The self-renewal capacity of NSCs was also analyzed through serial bulk passaging of neurospheres, in which drug-treated or control neurospheres were dissociated in bulk and cultured at a constant low cell density (two cells/μL) in the absence of the drugs (Fig. 1E). Bulk passaging demonstrated that NSCs treated with mood stabilizers in the primary culture exhibited enhanced self-renewal, with increased numbers of both secondary (F(3, 16) = 10.36, p < .001) and tertiary neurospheres (F(3, 16) = 5.46, p = .009) as compared to controls (Fig. 1E). The proliferation of cells from drug-treated primary neurospheres was examined by plating cells at a very low density (0.5 cells/μL) and counting cell numbers 4 or 7 days later (Fig. 1F). Cells obtained from primary neurospheres grown in the presence of mood stabilizers proliferated more rapidly than those from control neurospheres (F(3, 12) = 10.45, p = .001) (Fig. 1F). These results suggest that in vitro treatment with therapeutically relevant doses of mood stabilizers enhances the self-renewal of NSCs from the adult brain.

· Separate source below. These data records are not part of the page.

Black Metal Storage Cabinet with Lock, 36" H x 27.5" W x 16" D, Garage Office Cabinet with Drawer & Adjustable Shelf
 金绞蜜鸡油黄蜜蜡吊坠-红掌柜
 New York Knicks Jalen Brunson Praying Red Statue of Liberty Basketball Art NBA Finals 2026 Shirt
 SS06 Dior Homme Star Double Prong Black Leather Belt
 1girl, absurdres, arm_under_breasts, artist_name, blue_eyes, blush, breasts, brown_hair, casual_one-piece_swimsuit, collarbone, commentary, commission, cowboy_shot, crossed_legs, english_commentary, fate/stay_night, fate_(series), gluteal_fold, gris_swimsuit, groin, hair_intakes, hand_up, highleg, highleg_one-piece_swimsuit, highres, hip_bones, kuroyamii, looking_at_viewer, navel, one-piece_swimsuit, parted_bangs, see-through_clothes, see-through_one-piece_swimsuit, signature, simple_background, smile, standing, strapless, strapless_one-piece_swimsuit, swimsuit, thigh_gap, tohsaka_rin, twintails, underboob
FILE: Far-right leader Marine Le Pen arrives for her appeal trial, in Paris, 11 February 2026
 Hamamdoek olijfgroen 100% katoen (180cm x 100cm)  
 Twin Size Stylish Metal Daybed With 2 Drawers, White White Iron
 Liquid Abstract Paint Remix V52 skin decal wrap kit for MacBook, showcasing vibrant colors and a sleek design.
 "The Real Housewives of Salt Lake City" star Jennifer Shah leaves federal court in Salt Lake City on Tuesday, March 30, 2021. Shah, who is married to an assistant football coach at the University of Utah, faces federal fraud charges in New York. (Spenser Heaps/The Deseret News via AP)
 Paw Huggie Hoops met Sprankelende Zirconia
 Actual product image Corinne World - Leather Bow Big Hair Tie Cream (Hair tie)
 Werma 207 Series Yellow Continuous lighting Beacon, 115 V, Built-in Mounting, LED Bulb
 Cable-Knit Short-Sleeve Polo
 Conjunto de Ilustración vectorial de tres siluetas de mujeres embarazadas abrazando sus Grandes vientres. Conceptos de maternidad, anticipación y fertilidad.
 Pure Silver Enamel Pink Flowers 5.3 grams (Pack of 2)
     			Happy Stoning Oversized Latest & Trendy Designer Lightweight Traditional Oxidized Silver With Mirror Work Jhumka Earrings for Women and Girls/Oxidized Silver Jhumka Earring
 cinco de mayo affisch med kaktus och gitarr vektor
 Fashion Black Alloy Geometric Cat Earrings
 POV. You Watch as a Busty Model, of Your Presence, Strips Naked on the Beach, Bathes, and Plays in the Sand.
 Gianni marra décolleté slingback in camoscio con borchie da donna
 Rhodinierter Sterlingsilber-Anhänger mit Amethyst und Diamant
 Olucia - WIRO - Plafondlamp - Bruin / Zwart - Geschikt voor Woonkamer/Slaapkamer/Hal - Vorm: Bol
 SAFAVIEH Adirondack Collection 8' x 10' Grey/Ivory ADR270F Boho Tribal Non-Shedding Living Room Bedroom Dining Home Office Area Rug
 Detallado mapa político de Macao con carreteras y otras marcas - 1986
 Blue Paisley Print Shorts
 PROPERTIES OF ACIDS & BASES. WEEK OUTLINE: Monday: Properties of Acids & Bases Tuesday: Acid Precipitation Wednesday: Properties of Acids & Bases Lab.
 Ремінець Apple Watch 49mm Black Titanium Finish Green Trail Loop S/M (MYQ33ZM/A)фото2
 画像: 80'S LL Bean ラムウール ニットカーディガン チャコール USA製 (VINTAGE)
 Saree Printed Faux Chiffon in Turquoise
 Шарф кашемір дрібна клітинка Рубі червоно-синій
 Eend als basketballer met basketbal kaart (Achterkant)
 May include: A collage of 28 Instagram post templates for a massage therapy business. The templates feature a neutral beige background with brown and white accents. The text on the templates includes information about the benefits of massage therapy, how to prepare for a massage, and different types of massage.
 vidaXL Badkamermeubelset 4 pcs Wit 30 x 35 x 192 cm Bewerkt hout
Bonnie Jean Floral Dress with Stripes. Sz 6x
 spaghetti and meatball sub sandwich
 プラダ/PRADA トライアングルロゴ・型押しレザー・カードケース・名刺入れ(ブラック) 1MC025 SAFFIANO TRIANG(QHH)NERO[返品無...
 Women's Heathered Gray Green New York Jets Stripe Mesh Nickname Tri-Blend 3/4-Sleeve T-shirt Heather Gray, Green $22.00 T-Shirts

The effect of mood stabilizers on NSCs derived from the MGE ventricular zone of E14.5 embryos was also evident (F(4, 64) = 10.41, p < .001), whereas another anti-convulsant, phenytoin, or anti-depressant, fluoxetine, had no such effect (Fig. 1G), suggesting that the effect was specific to mood stabilizing drugs. Individual neurospheres treated with mood stabilizers produced βIII tubulin+ neurons, GFAP+ astrocytes, and O4-antigen+ oligodendrocytes under differentiation conditions (online supplemental Fig. 2), suggesting that the multipotentiality of NSCs was not altered by the drug treatment.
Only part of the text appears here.